◆ Your objective ◆
With pictures left out, copy exactly every line from the one containing "MOTOCICLETA casco jet" through the end of the material.

-- Input data follows --

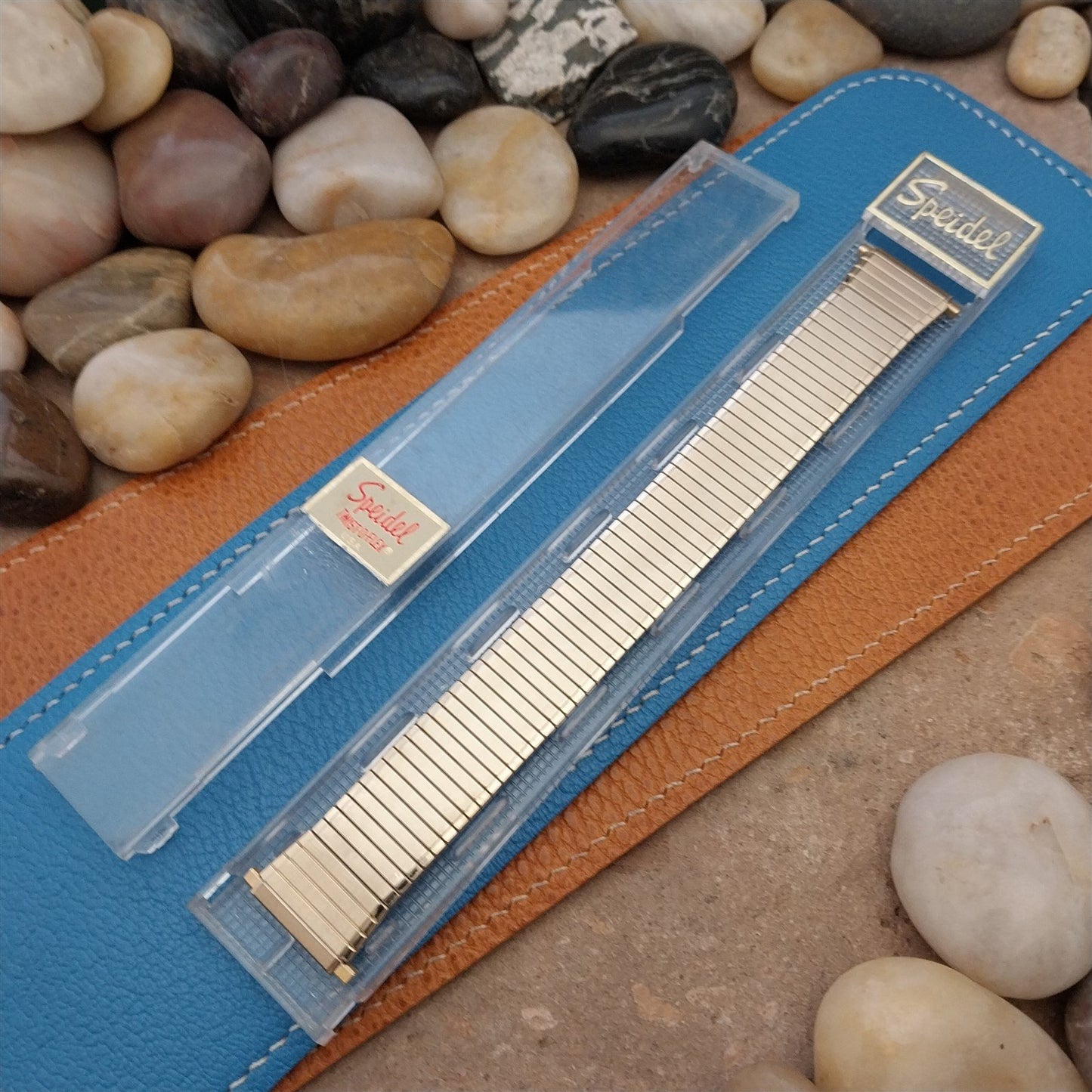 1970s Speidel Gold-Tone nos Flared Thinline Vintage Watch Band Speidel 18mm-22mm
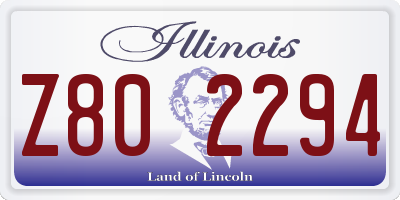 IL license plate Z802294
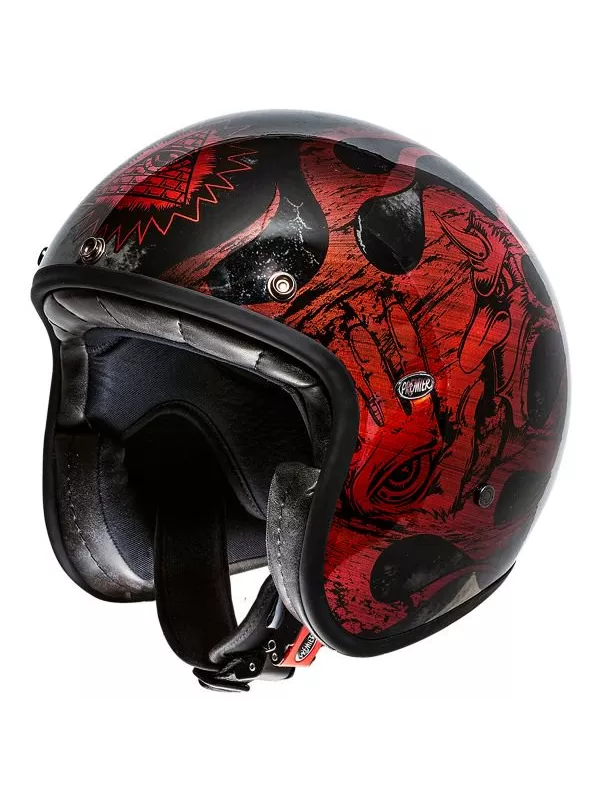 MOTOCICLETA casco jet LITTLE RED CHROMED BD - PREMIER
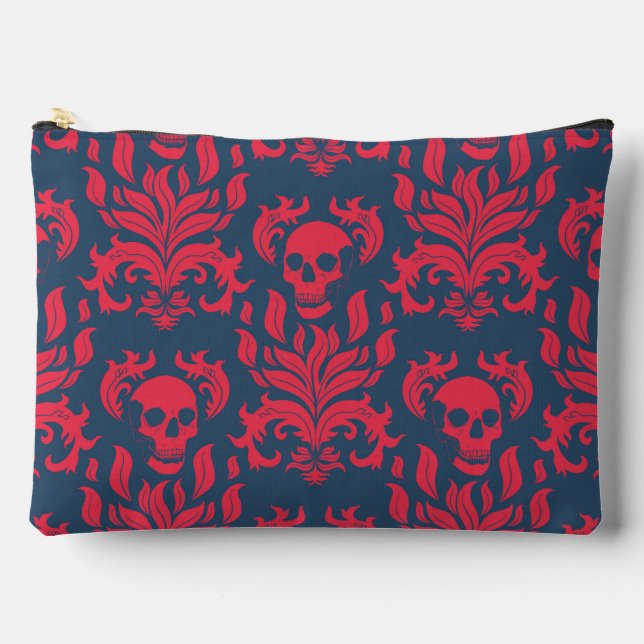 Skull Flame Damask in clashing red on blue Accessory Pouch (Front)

-- Input data concluded --

◆ Response to this exercise ◆
 MOTOCICLETA casco jet LITTLE RED CHROMED BD - PREMIER
 Skull Flame Damask in clashing red on blue Accessory Pouch (Front)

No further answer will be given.